科学者のスチュワート・カウフマンが呼んだ「隣接可能性(adjacent possible)」は、開けられないドアのようなもの。

どんなにすごい天才が未来のモノを想像したとしてもこのドアが開かなければ次の部屋には進めない、つまり発明・イノベーションは起こらないのです。

逆に言えば、この「開けられないドア」さえ開いてしまえば、次々と新しいものを生み出すことができる可能性があるということです。

つまり、テクノロジーにおける進化は「開けられないドア」を開くことによって起こり、進化が爆発的に起こるというのは、この「開けられないドア」というこれまでの限界を超えることができたから起こるのです。

生命の進化でも同じようなことが起きています。

人間の先祖が進化して他の指と向かい合う親指をもつようになると、それはまったく別の、精巧に工作された道具や武器を作って使用するという、文化へと進む枝分けれにつながる隣接可能性を開いた。

他の指と向かい合う親指をもつという進化がなければ、ピアノという道具は生み出されなかったかもしれないのです。




■閉じ込められた音楽を元いた場所に返すという話

今の世界は、いろんな音に溢れているけど、音楽は箱の中に閉じ込められている。本当は、昔は世界中が音楽で満ちていたのにって。

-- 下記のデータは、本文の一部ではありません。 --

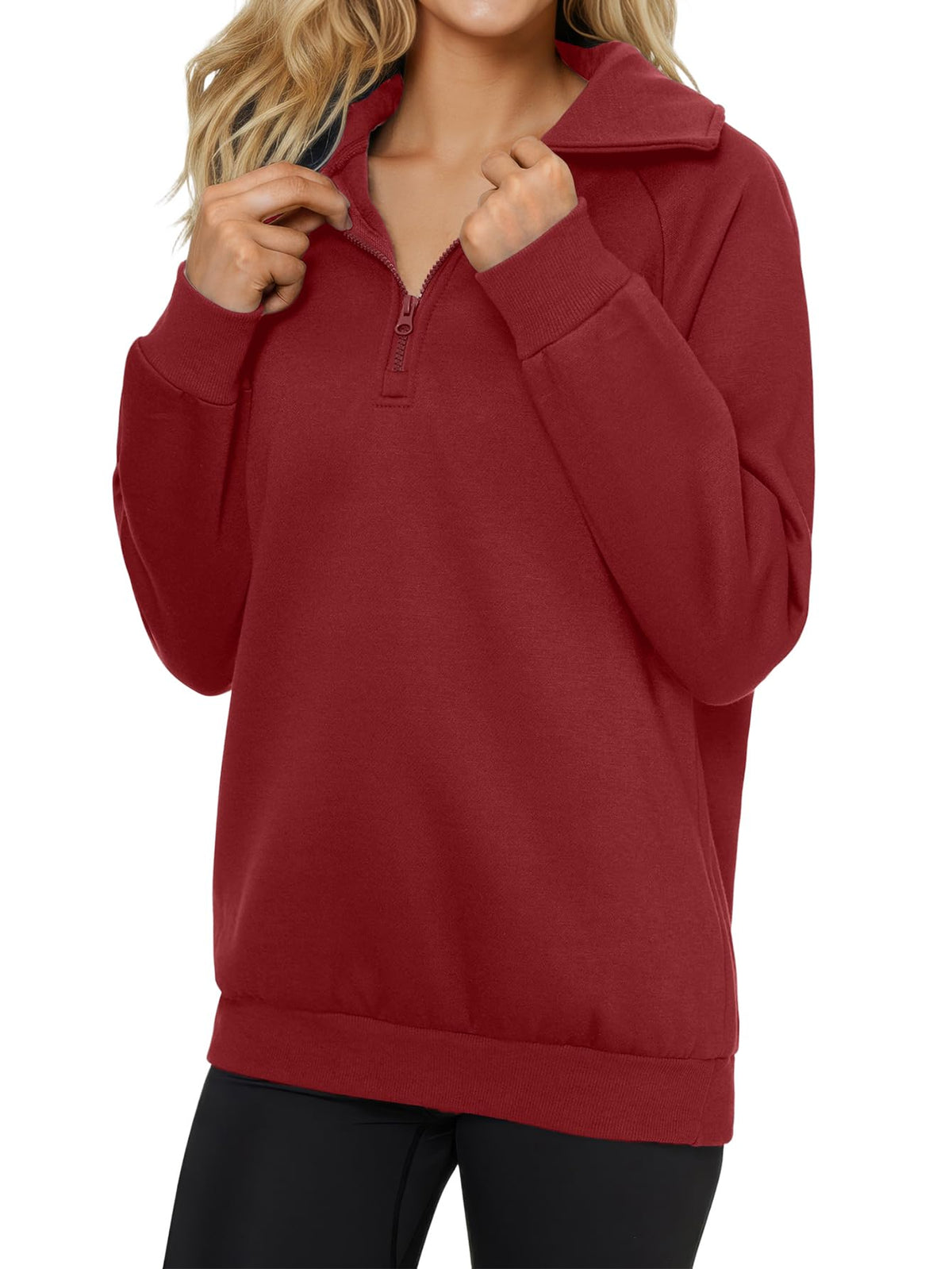 Rooscier Women's Quarter Zip Pullover Sweatshirt Wine Red Large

ああ、分かるわ。自然の中から音楽を聞き取って書きとめていたのに、今は誰も自然の中に音楽を聞かなくなって、自分たちの耳の中に閉じ込めているのね。それが音楽だと思っているのよね。

「風間塵」という少年は先生と「閉じ込められた音楽を元いた場所に返す」という約束をしています。

閉じ込められた音楽というのはどういう意味なのでしょうか?

【BARKS編集部コラム】大事なものが抜けていた…CDサウンドのどでかい落とし穴

(2014/6/26、BARKS)

音楽そのものは低い音から高い音まで広帯域の音で成り立っているわけだが、周波数で言えばおおよそ20Hzから楽器や人の声によっては100KHz、時には200KHzくらいまでの広帯域にわたっている。アナログレコードにもごく当たり前のように50KHzを超えるような高周波が刻み込まれている。だがCDは、高い音は22.05kHzまでしか記録されていない。そもそも人間の可聴域が20KHz程度であり、受け皿としては十分と考えられたからだ。

大げさに言えば、人間が音を聞くことができる限界は20khzぐらいであり、それ以外の音は聞こえないわけだから、CDはその人間の限界に合わせて規格を作ってしまったのです。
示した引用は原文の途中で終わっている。